The band was conceived as a studio project. There were no venues in Versailles in the mid-’90s, when the band started, apparently, so they didn’t play live for years. They credit this with making them a stronger group of songwriters, and for the ultra-high production quality of their albums — while other bands were getting drunk at shows, they were holed up in the studio and listening to records.
They were shocked to blow up so quickly in the U.S. By the film’s climax, which sees the band winning Grammys and playing Madison Square Garden with Daft Punk, they’re able to take things more or less in stride. But early on, when they’re on their first U.S. tour, they seem flabbergasted: “We started the tour in Bonnaroo. We heard the crowd screaming, and we thought it was for someone else.”
They think Kansas City is in Kansas. While talking about the tour’s surprising reception in the United States, a band member expresses shock at how many people came to see them at their Kansas City gig at the Uptown Theater in 2010. “It’s a mystery that people in Kansas come to see us!” Actually, they were people in Missouri. No biggie, though — easy mistake to make!

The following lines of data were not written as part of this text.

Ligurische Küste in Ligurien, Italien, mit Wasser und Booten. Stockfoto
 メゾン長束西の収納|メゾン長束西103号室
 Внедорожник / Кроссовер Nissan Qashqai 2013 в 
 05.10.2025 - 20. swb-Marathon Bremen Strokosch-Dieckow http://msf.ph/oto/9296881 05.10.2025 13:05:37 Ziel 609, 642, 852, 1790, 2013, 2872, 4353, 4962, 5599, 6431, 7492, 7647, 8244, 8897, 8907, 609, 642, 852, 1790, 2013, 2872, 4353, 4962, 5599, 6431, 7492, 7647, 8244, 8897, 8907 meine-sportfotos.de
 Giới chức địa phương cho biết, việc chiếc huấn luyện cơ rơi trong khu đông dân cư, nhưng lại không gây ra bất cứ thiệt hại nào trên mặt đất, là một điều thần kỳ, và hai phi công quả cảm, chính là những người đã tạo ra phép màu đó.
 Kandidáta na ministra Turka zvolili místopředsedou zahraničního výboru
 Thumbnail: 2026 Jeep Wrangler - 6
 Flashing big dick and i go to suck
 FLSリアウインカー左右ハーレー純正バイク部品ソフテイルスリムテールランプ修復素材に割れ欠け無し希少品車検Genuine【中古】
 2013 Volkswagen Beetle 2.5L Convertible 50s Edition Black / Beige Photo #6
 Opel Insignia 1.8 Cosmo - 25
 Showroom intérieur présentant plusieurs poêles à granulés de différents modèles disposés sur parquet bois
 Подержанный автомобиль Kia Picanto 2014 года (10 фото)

For a band born out of the studio, they now flourish in a live setting. The highlight of most rock documentaries is the performances, and From a Mess to the Masses gets this part right. The performance footage here really helps capture what’s so special about Phoenix. The film spends a lot of time talking about how the band is still a studio project in a lot of ways, but for a studio project, they sure bring it on stage.